[TO DO] Copy exactly the lines of the data below, beginning with the line with "Dragon Master Chapter" and ending with the line with "La Fronti�re". Pictures are to be omitted.

Stored dataset items:
○ ○ ○ ○ ○

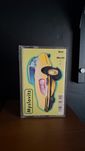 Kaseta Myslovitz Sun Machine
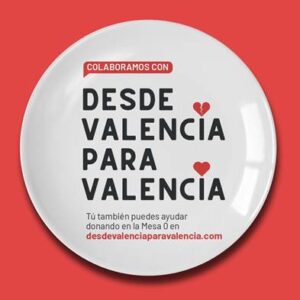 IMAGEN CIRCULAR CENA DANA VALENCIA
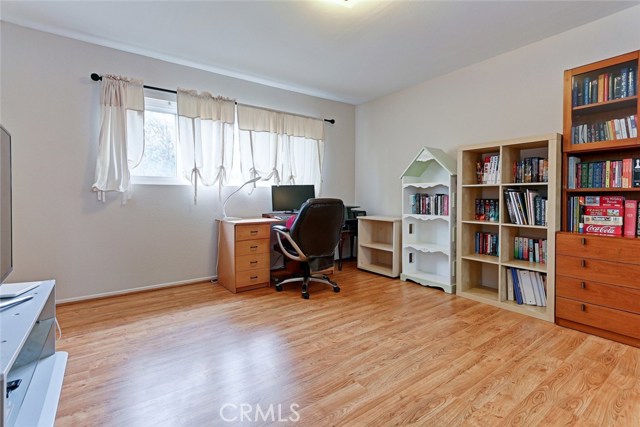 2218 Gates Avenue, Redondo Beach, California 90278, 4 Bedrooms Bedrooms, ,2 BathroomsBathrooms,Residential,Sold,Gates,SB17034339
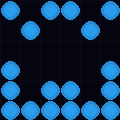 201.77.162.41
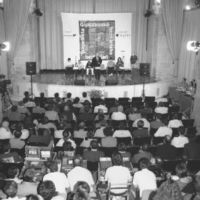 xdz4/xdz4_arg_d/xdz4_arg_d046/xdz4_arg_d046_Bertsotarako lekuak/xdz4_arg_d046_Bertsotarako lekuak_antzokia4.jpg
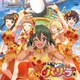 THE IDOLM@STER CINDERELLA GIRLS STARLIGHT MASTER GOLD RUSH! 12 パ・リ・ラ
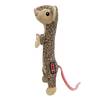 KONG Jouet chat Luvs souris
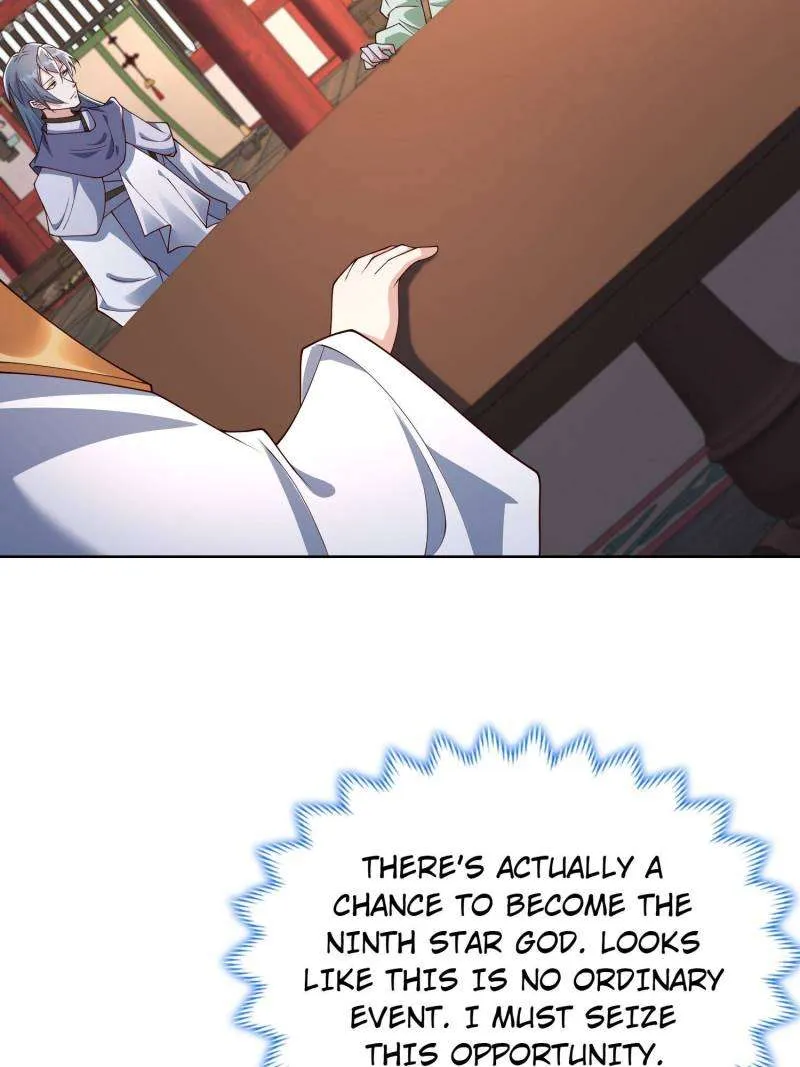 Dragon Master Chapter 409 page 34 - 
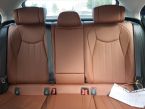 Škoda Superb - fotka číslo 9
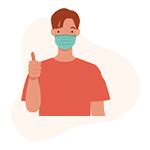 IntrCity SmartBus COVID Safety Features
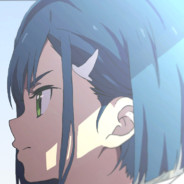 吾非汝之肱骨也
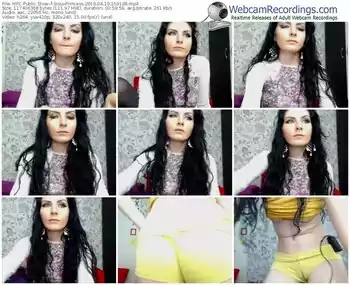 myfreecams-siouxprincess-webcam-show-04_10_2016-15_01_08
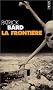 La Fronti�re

○ ○ ○ ○ ○

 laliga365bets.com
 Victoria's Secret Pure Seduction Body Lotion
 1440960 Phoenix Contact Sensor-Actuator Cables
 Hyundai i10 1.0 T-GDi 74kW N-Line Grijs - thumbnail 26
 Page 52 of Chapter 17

○ ○ ○ ○ ○

[RESULT BELOW]
 Dragon Master Chapter 409 page 34 - 
 Škoda Superb - fotka číslo 9
 IntrCity SmartBus COVID Safety Features
 吾非汝之肱骨也
 myfreecams-siouxprincess-webcam-show-04_10_2016-15_01_08
 La Fronti�re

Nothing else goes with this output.